● **WHAT IS NEEDED**: After locating the line with "2 Sofás Área" in the entries below, output it and each following line up to and including the line with "Personalized silver Fox", exactly and without pictures.

● **DATA SECTION**:
□ □ □

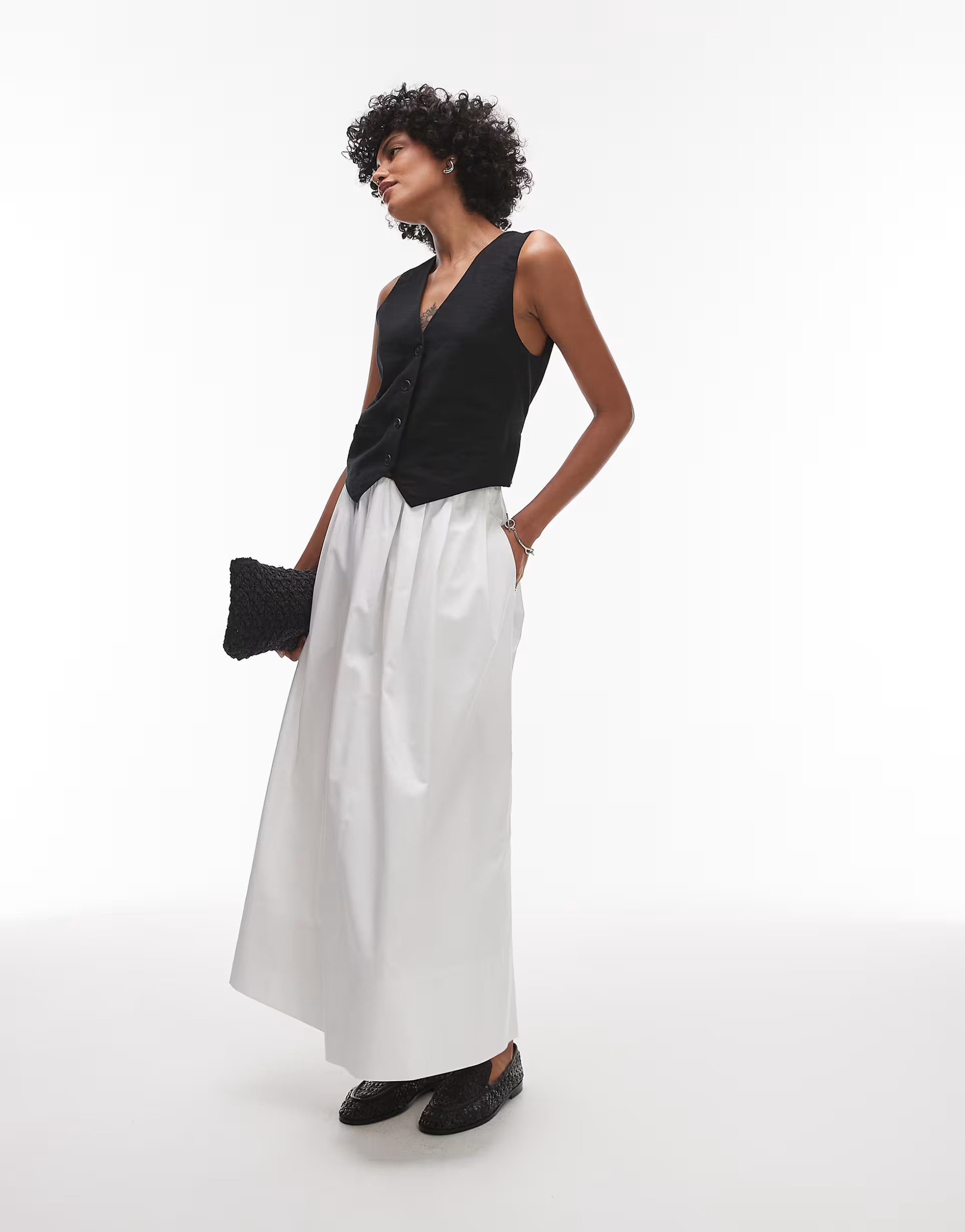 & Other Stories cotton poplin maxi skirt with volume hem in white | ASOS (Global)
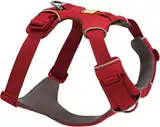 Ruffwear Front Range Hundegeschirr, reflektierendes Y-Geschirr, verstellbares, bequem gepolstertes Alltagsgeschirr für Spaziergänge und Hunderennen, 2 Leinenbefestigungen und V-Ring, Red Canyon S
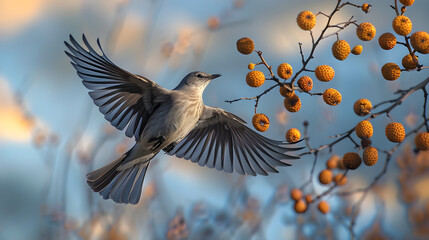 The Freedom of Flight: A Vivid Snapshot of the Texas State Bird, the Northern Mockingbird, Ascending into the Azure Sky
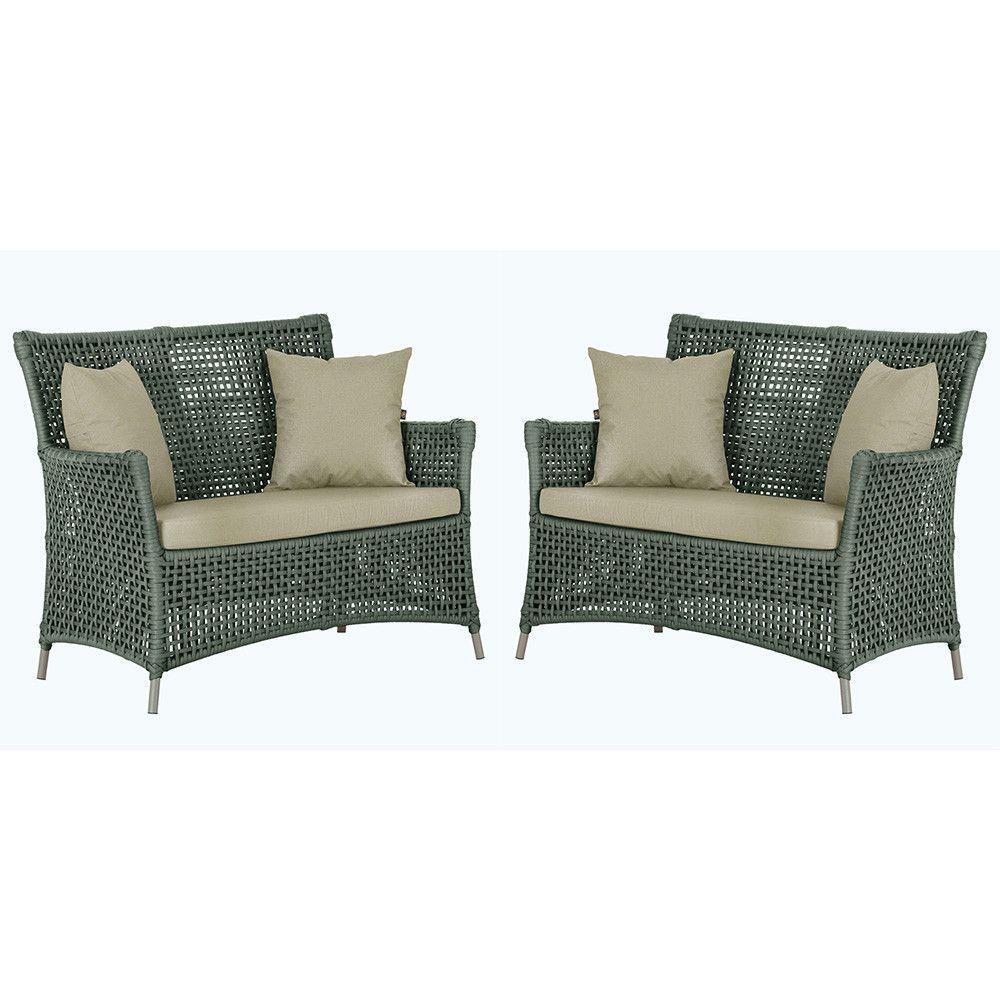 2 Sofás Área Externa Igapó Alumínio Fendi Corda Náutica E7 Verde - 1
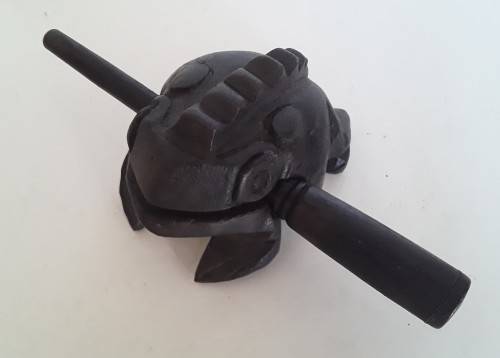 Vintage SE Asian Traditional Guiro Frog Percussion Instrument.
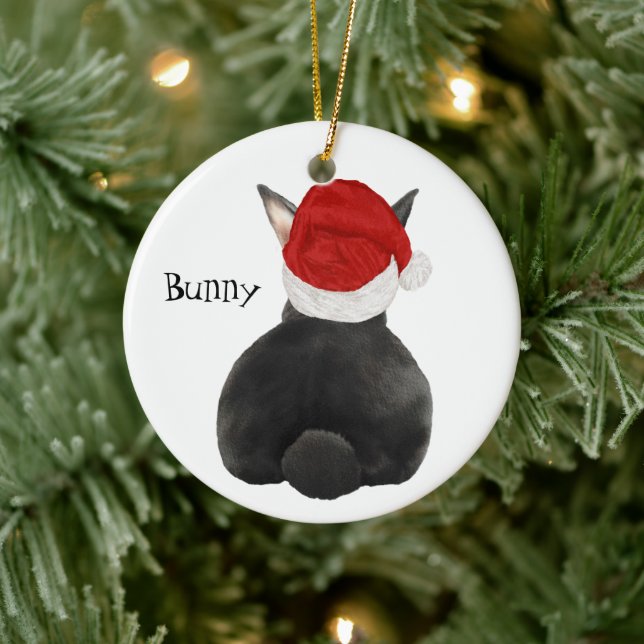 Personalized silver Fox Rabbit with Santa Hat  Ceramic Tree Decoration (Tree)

□ □ □

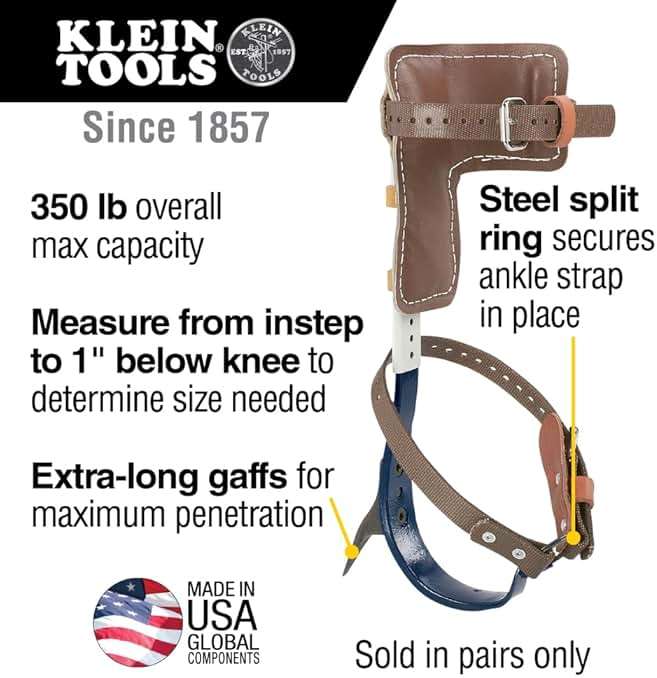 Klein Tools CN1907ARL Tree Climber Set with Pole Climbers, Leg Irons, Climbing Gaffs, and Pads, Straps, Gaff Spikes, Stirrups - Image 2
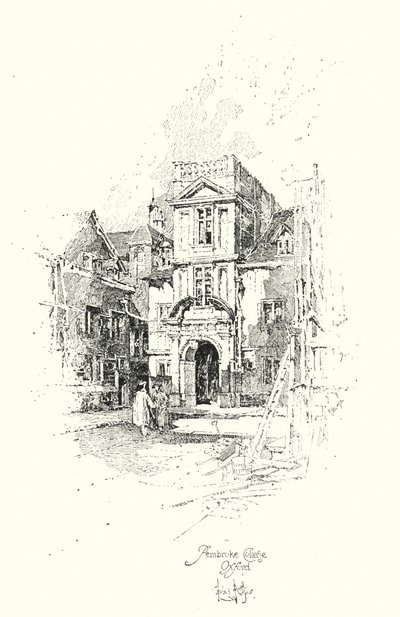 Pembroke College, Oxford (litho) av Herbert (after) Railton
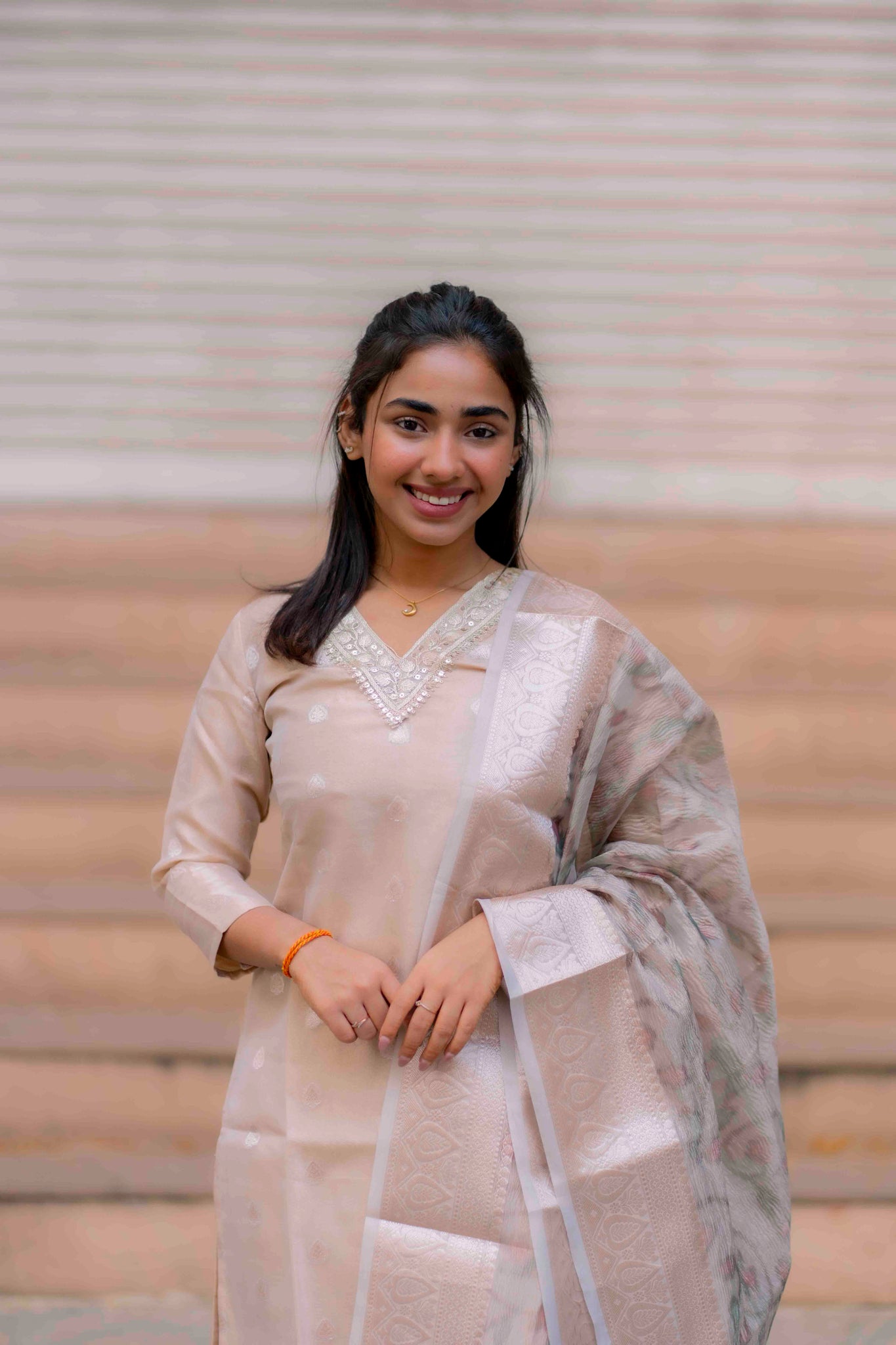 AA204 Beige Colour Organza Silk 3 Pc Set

□ □ □

● **SOLUTION**:
 2 Sofás Área Externa Igapó Alumínio Fendi Corda Náutica E7 Verde - 1
 Vintage SE Asian Traditional Guiro Frog Percussion Instrument.
 Personalized silver Fox Rabbit with Santa Hat  Ceramic Tree Decoration (Tree)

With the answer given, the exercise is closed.